Of course, just like God, I still say “no: many times a day. We don’t watch television on school nights, but they still ask. We don’t have dessert every night, but they always ask. They ask for crazy stuff like, “Can I ride on the roof of the car while you drive?” and we say “no” because we’re sane. But I used to say “no” as my default. Now, I look for chances to say “yes” that surprise them. Once they kept asking for “one more” Oreo cookie and I kept saying yes until the package was empty. You can’t do that every time, but it sure is fun sometimes.
AP: Make sure your kids know that you like them. When Jamie and I first got married, some good friends gave us tapes of their father’s Bible college teaching on marriage and family. I think the title of the series was How to Raise Kids You Can Like. It was a revolutionary idea to me at the time, and his teachings helped us create an environment in which our kids never thought they were the center of the world, and yet their identity as children of God was affirmed over and over again.

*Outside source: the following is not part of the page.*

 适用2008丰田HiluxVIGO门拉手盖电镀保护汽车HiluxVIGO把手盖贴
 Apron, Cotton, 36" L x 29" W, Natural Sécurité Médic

It’s not that they’re perfect, but that they’re perfectly loved by God. We want them to know that we delight in who they are. One of the things he said was that most kids, if asked, would say that their parents loved them. But if you asked if they liked them, a lot of those kids wouldn’t be so sure. It’s one thing to feed and clothe your kid. It’s another to know about their favorite bands, to enjoy conversation, to invest as much in their hobbies as their grades, to treat them like people who may teach you at least as much as you teach them.